She voiced her thanks to Germany for their welcome, but noted that the suffering she is advocating to end is not just her own, but a “collective suffering” of all women who face the same horrors.
At the Sept. 16 induction ceremony, which was set to coincide with the Sept. 21 U.N. International Day of Peace, Clooney emphasized that “what Nadia has told us about is genocide, and genocide doesn’t happen by accident. You have to plan it.”
“We know exactly who the perpetrators are. They brag. ISIS brags about its crimes online,” she said, explaining that “no one is more blameless” than a young Yazidi woman who has lost everything.
“Yet two years on, two years after the genocide began, 3,200 Yazidi women and children are still held captive by ISIS and not a single member of ISIS has been prosecuted in a court anywhere in the world for crimes committed against the Yazidi,” she observed.
Clooney praised Murad for her courage, saying the young woman’s strength and leadership “astounds me.”
“She has defied all the labels that life has given her: orphan, rape victim, slave, refugee.

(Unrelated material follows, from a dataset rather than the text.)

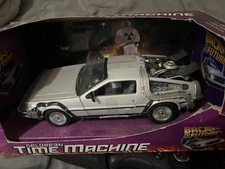 Delorean Time Machine Back to The Future I WELLY Diecast 1 24back to The Future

She has instead created new ones: survivor, Yazidi leader, women’s advocate, Nobel Peace Prize nominee. And now, as of today, Goodwill Ambassador.”

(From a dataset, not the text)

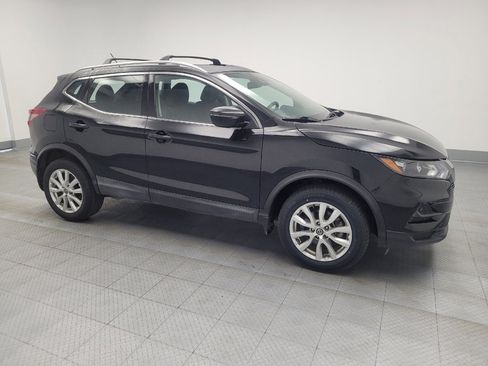 Used 2020 Nissan Rogue Sport SV image 11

Speaking directly to Murad, Clooney said she was sorry “that we have failed you,” and voiced her hope that Murad’s appointment would be a turning point for all victims of sexual violence in human trafficking.
Murad has already met with various world leaders and heads of state in order to raise awareness of the plight of Yazidis suffering as victims of human trafficking.
Through her ambassadorship, according to the U.N. media advisory, Murad will focus on different advocacy initiatives and will raise awareness of the plight of the countless victims still suffering due to trafficking, particularly refugees, women and girls.